Vi sarà capitato di essere insultati da qualcuno… suvvia, vi è capitato di certo!
Sarà stato per strada quando, magari in modo del tutto involontario, avete commesso un’infrazione, non avete dato la precedenza a chi ne aveva il diritto, non avete rispettato il pedone che attraversava sulle strisce, il ciclista che non teneva rigorosamente la destra o l’anziano che vi rallentava. Oppure, in situazioni più imbarazzanti, ci sono state delle persone che, a torto o a ragione, vi hanno coperti di improperi, di parole volgari o, magari, in modo più elegante hanno mantenuto la calma ma con due o tre paroline vi hanno messo al tappeto più velocemente di quanto l’avrebbe fatto un gancio, un diretto o un calcio ben assestato di un campione mondiale di MMA.
Se l’esperienza è comune, la reazione può variare… e varierà a seconda di chi è l’insultato. Di “chi è”, intendo dire, culturalmente e caratterialmente, ma soprattutto, spiritualmente.
Non starò qui a descrivere il modo in cui “i figli delle tenebre” (uno dei modi in cui Gesù definì le persone che non credono in lui) reagiscono in tali occasioni. Sarebbe come alzare un tombino della fognatura.
Mi interessa però farvi notare come reagì il re Davide agli insulti e alle maledizioni pronunciate da un certo Simei (non dovete cercare molto per conoscere questa persona che apparteneva alla casa dell’ex re Saul, di lui si parla nei cap. 16 e 19 di 2 Samuele).

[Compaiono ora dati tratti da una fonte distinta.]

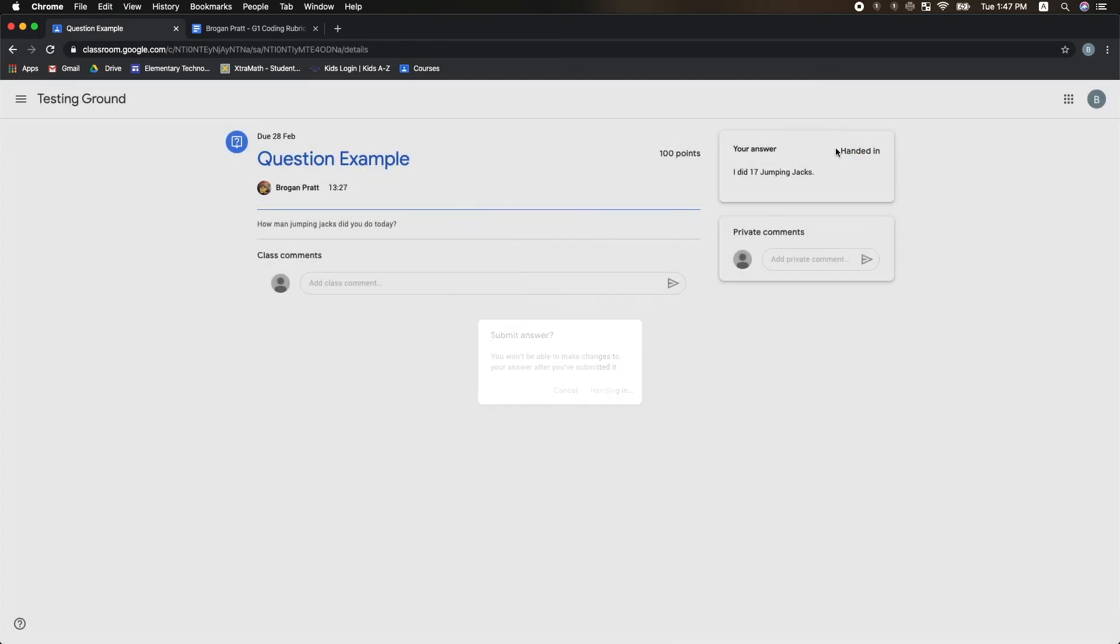Just like in assignments, I can post private comments again. That's it! Be sure to turn in all of your assignments when you're finished with your work, so that your teacher knows that you are ready for feedback.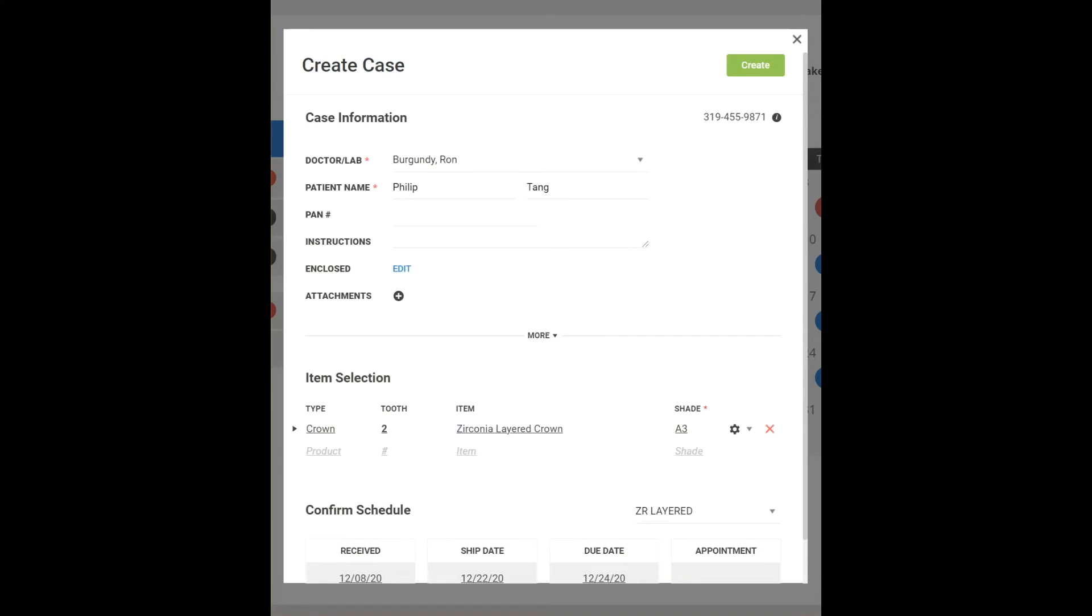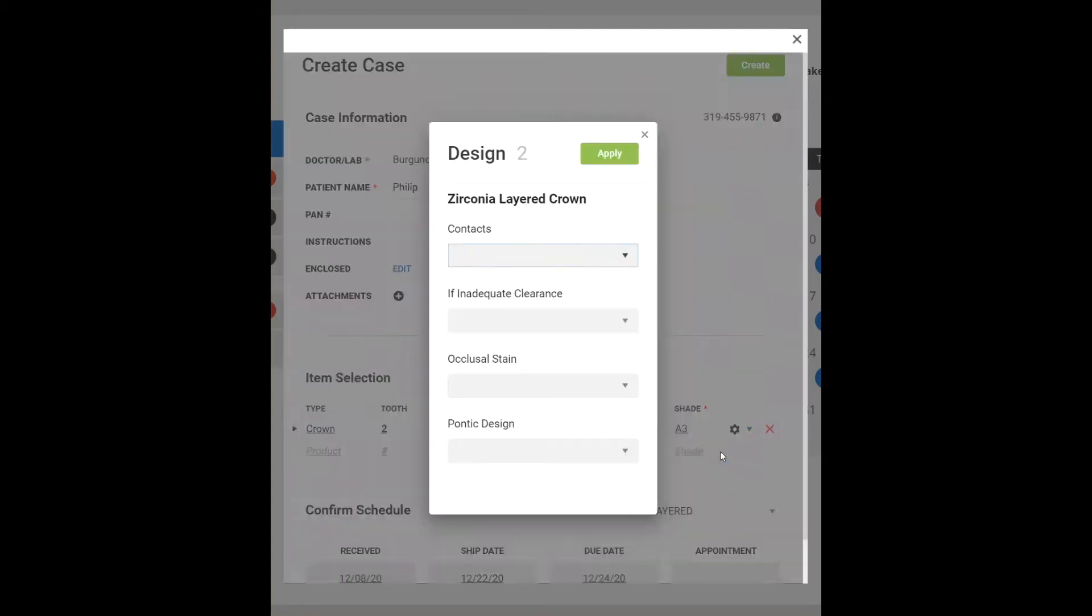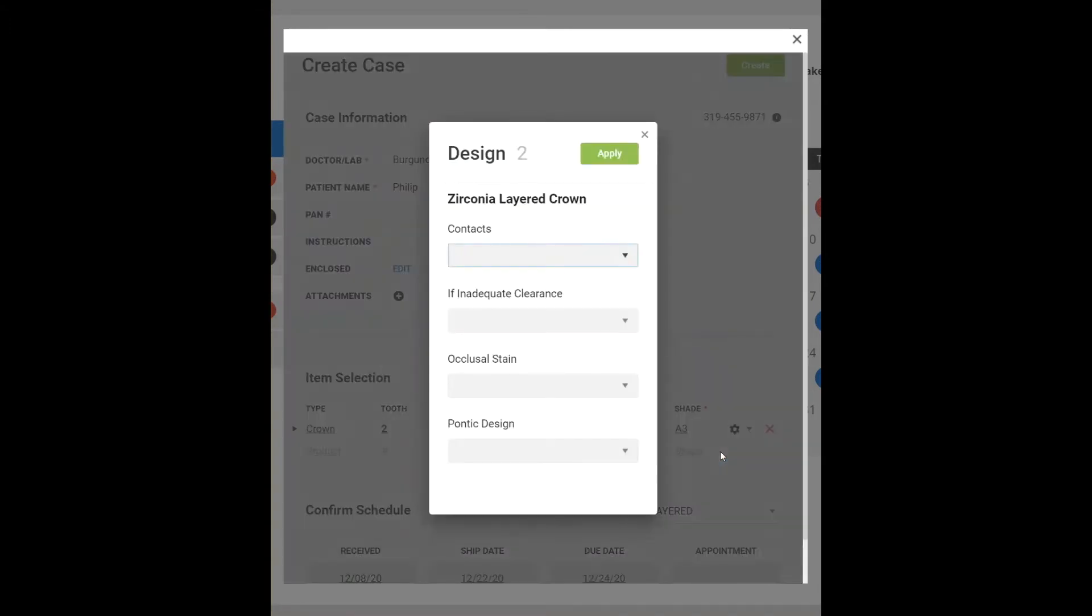Hello and welcome to part two of the eight-part Mastering LabStar Case Entry video series. In this segment, we discuss how to create your own designs so that technicians always have the design instructions they need on the work ticket without having to call your doctors for more information.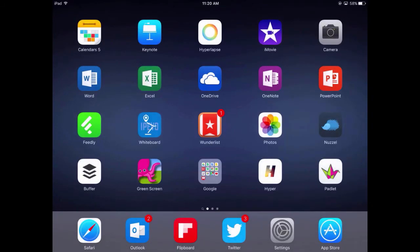So that's a quick look at Slide Over and Split View for the iPad. I hope you find it useful.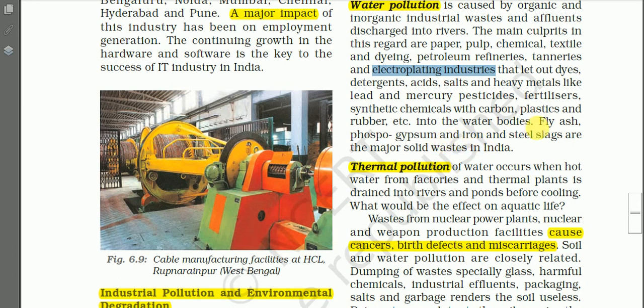Fly ash, phosphorus, gypsum, and iron and steel slag are other major solid wastes causing pollution in India. Fly ash is a fine powder — a byproduct of burning pulverized coal in electric power generation plants. It causes pollution when dumped into water bodies. Slag is a stony waste matter that also causes pollution on land and water.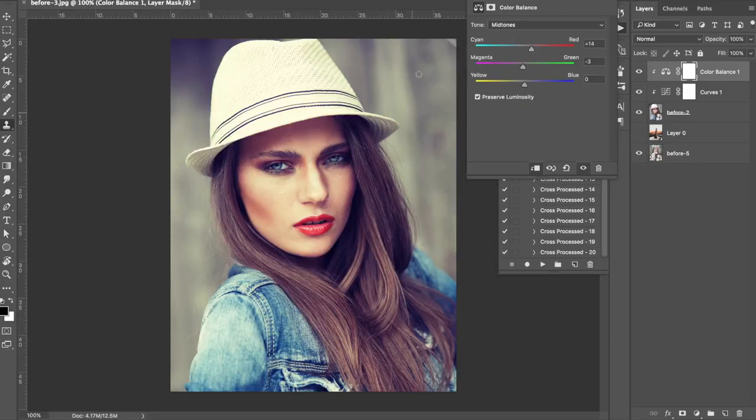Then we're going to introduce a little bit of blue in the shadows. You can copy these numbers if you want, but just remember you'll need slightly different numbers for each photo — which is part of the reason why I made 20 cross-processed actions, so you can test out and try whichever ones you think are best.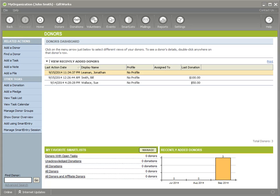Welcome to this Giftworks video. In this video, I want to show you how you can import membership information into Giftworks.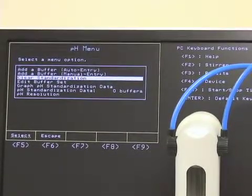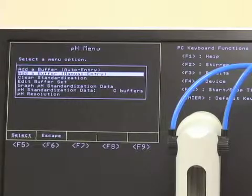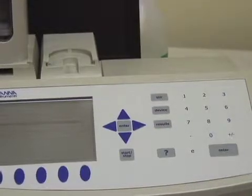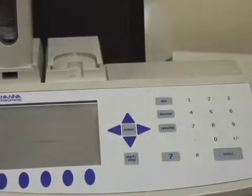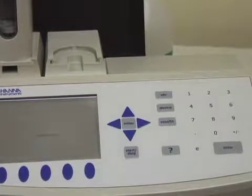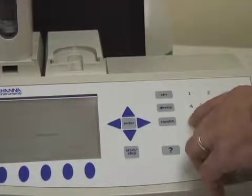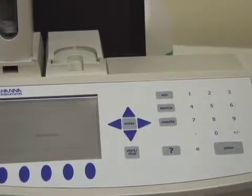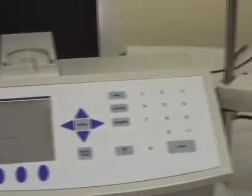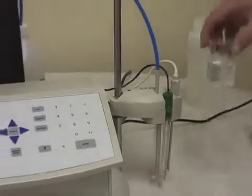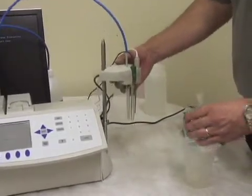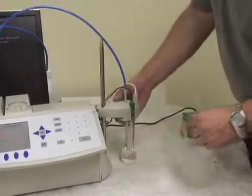We're going to start by adding 7.01 — you should always start at your neutral 7.00 or 7.01. So we'll select add a buffer manual entry. Right now it's set up for 3.01, so we'll type in 7.01 on the keypad. Now you'll want to prepare your sample underneath your probe. We have our buffers marked so we don't get them confused.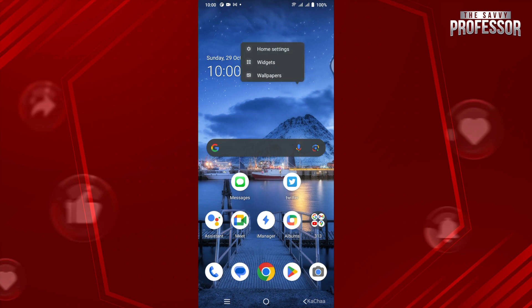In my case, this is Home Setting. It can be Home Screen Setting if you are using a Samsung device.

Simei aveva delle ragioni per maledire e insultare Davide?
Si ne aveva!
Ma erano buone e valide per giustificare ciò che gli disse… e in quel modo?
No!
Simei sarebbe morto se Davide avesse autorizzato lo zelante Abisai a fare ciò che questi avrebbe voluto (2 Sa. 16:9), ma il re non gli permise di andare a tagliargli la testa.
Davide sapeva di non essere del tutto scevro da colpe, e che – forse – era stato Dio stesso ad animare Simei (v. 10).
Davide, però, sapeva anche come deve comportarsi un uomo di Dio quando viene insultato e calunniato e scelse, anche in questa occasione, di affidarsi a Dio e di lasciare che fosse lui a giudicare. Sopportò il vituperio, lasciò che Simei parlasse e si sfogasse, e bevve fino all’ultima goccia l’amaro calice della maledizione che gli veniva scagliata, ma – per usare il linguaggio neotestamentario di Pietro – soffrendo “secondo la volontà di Dio”, affidò la propria anima al suo fedele Creatore, facendo il bene (Cfr. 1 Pt. 4:18).
E Davide fece davvero del bene a Simei! Non solo quando impedì che fosse ucciso, ma anche quando, al tempo del suo ritorno a Gerusalemme, Simei, timoroso e oppresso dalla sua cattiva coscienza, gli chiese di poter avere salva la vita (Cfr. 2 Sa. 19:16ss.) e ciò, sebbene sapesse molto bene che da uomo superbo aveva approfittato della sua momentanea debolezza, mentre adesso, da uomo vile, cercava di evitare le conseguenze delle proprie azioni.
Ma, come Davide, i cristiani sono gente dall’animo nobile! Sono capaci di rispondere con pazienza e misericordia anche alle follie e alle vigliaccherie altrui. Così hanno sempre fatto, così fanno e così sempre faranno.
Sanno bene che se le persone come Simei li maledicono e insultano, la loro cattiveria non li coglierà, ma che se c’è qualcosa di vero nelle loro parole e nelle loro motivazioni, la verità sarà usata da Dio per umiliarli, santificarli e purificarli di più perché “la maledizione senza motivo, non raggiunge l’effetto” (Pro. 26:2). Dio disse di Davide quello che Isacco aveva detto di Giacobbe: “Io l’ho benedetto; e benedetto egli sarà” (Ge. 27:33).
Impariamo da Davide e, soprattutto, impariamo da Cristo che “oltraggiato, non rendeva gli oltraggi; soffrendo, non minacciava, ma si rimetteva a colui che giudica giustamente” (1 Pt. 2:23).
Forse dovrete aspettare un po’, ma portate pazienza: alla fine tutto sarà chiarito!